Task |
Each line of the listing below must be retyped exactly, with images left out.

═══ Data for processing ═══

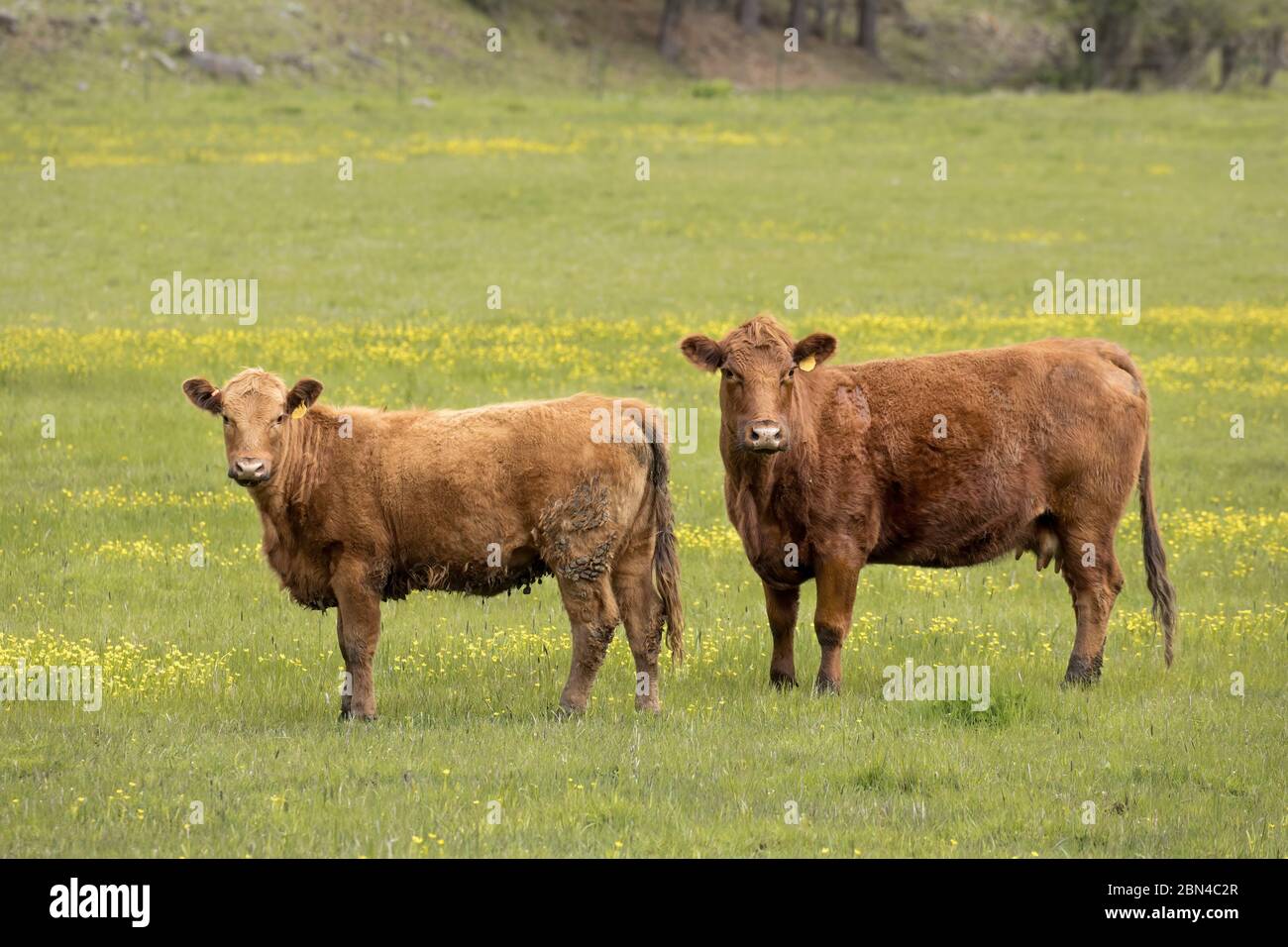 Two cows looking at the camera while grazing in a farm field in north Idaho. Stock Photo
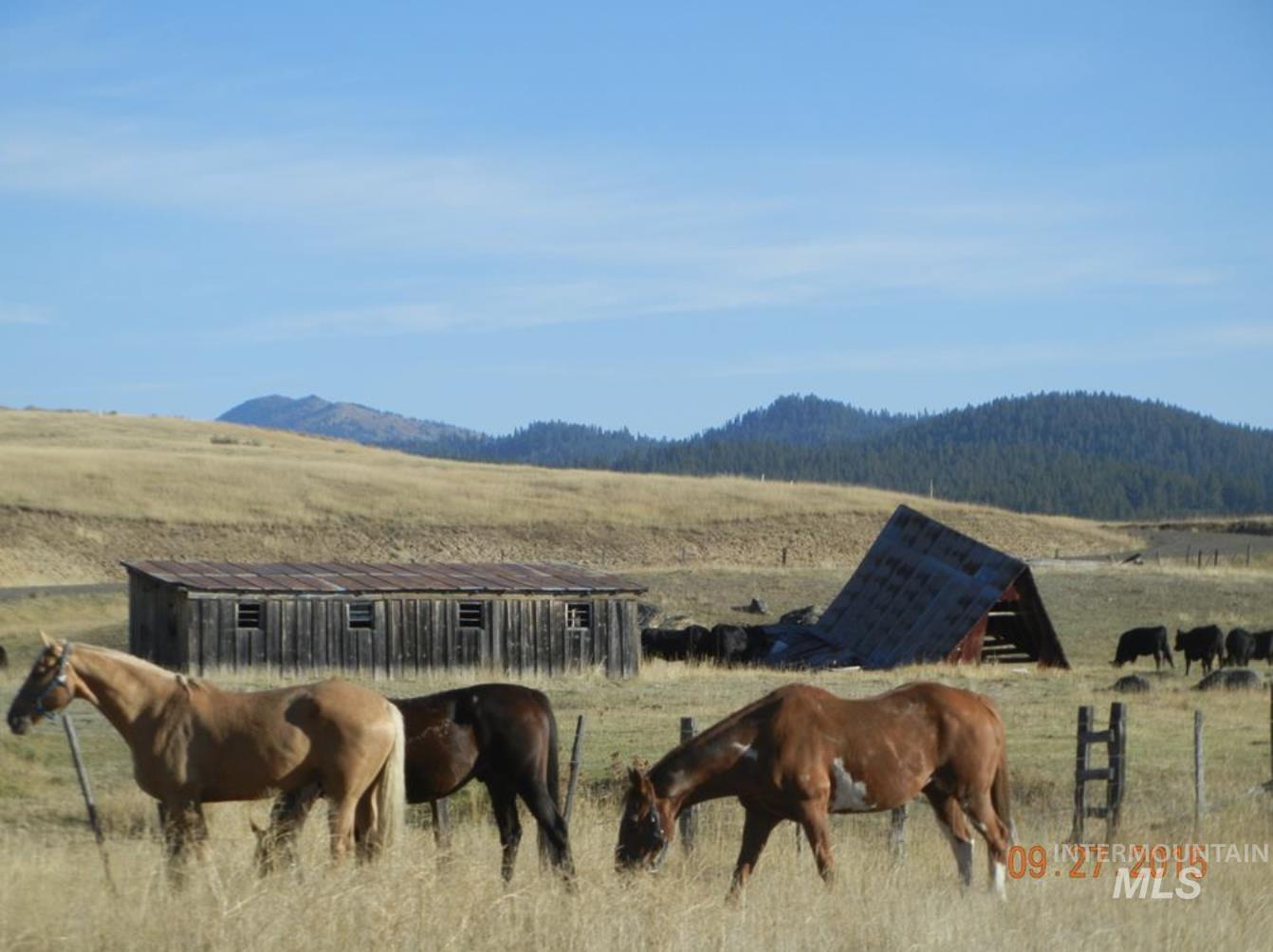 Tbd Lot 11 Gold Fork Road Property Photo 16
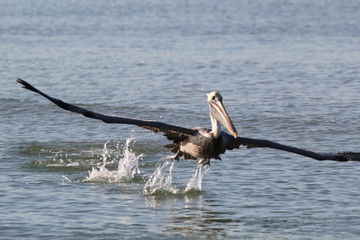 Brown Pelican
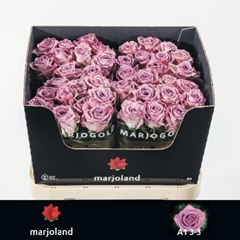 Rosa Nayeli! 80cm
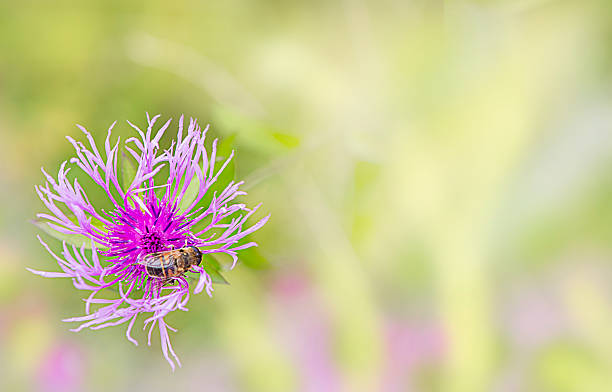 Purple meadow flower and blurred green background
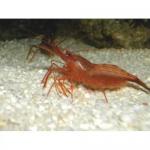 - c (Lysmata rathbunae), L 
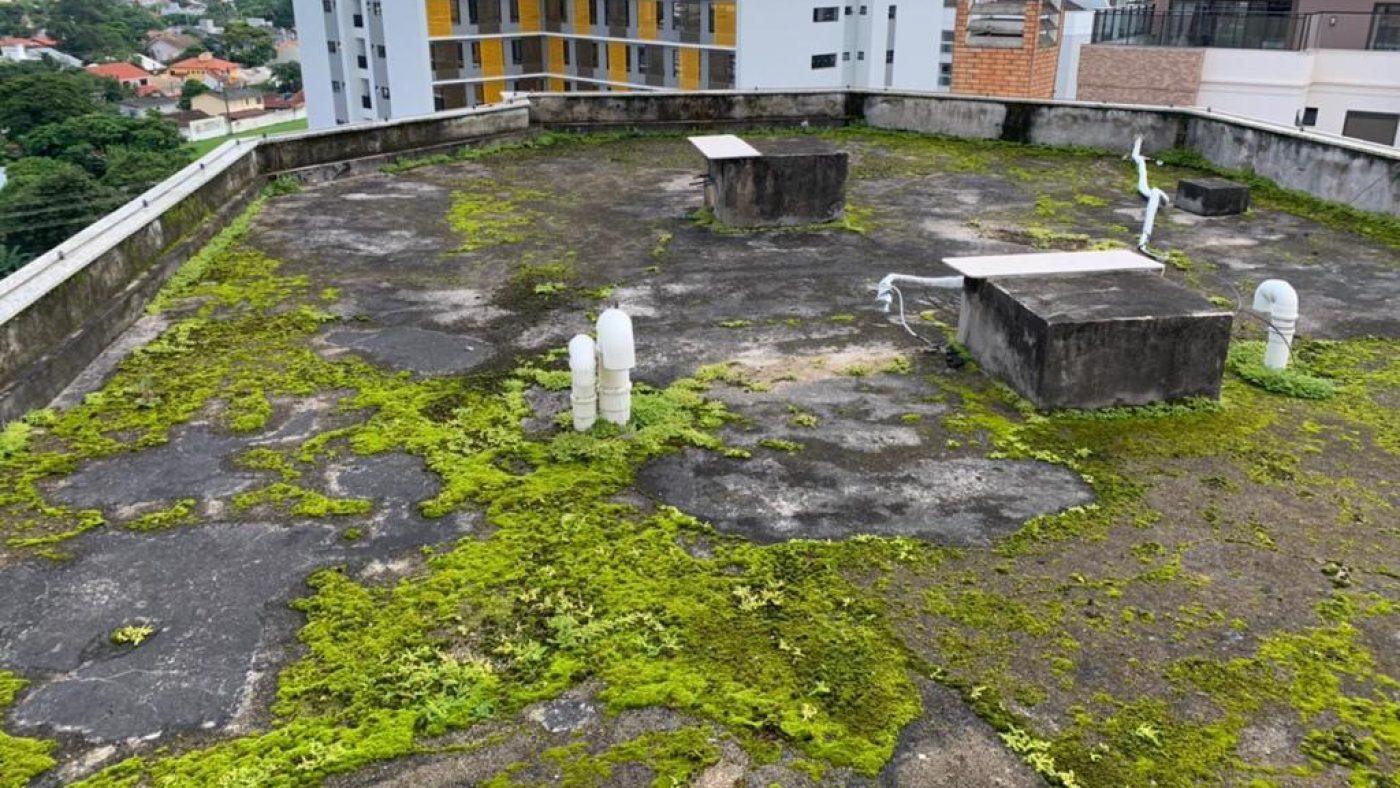 Laje de cobertura de edifício em Florianópolis tomada por musgo e vegetação, com a impermeabilização vencida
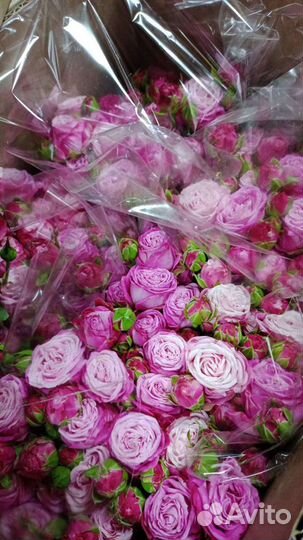 Пионовидные розы кустовые, Бомбастик, доставка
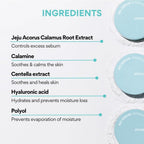 Innisfree No-Sebum Mineral Powder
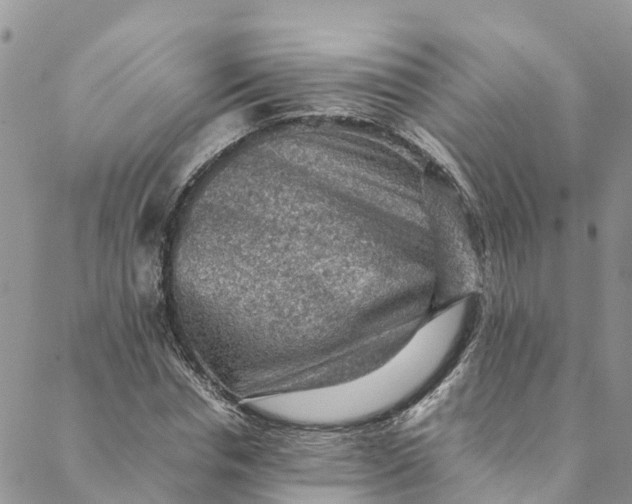 X0000088400826200706121233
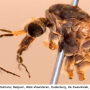 Tipula (Savtshenkia) obsoleta : body part(s) - head and thorax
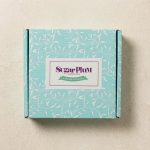 Gourmet Sweet & Salty Chocolate Pretzel Gift Set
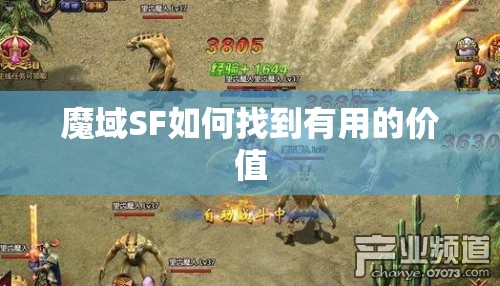 魔域SF如何找到有用的价值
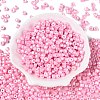 Baking Paint Pearlized Glass Seed Beads SEED-T008-03H-2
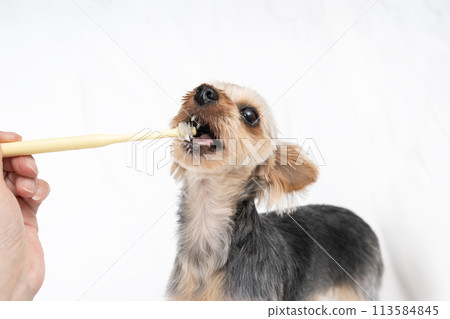 Yorkshire terrier to brush teeth 113584845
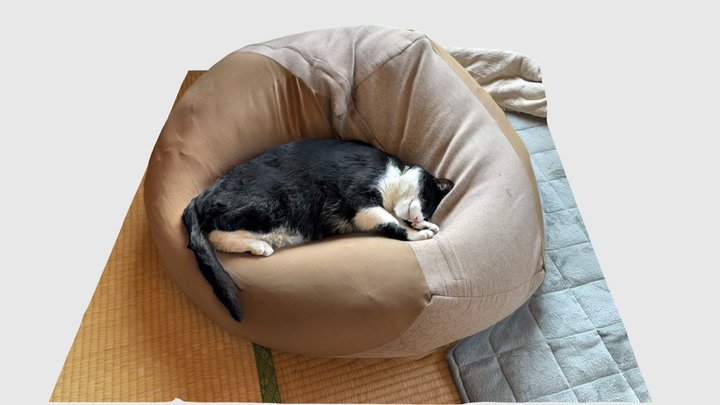 Sleeping on a cushion 3D Model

═══

Worked solution |
 Two cows looking at the camera while grazing in a farm field in north Idaho. Stock Photo
 Tbd Lot 11 Gold Fork Road Property Photo 16
 Brown Pelican
 Rosa Nayeli! 80cm
 Purple meadow flower and blurred green background
 - c (Lysmata rathbunae), L 
 Laje de cobertura de edifício em Florianópolis tomada por musgo e vegetação, com a impermeabilização vencida
 Пионовидные розы кустовые, Бомбастик, доставка
 Innisfree No-Sebum Mineral Powder
 X0000088400826200706121233
 Tipula (Savtshenkia) obsoleta : body part(s) - head and thorax
 Gourmet Sweet & Salty Chocolate Pretzel Gift Set
 魔域SF如何找到有用的价值
 Baking Paint Pearlized Glass Seed Beads SEED-T008-03H-2
 Yorkshire terrier to brush teeth 113584845
 Sleeping on a cushion 3D Model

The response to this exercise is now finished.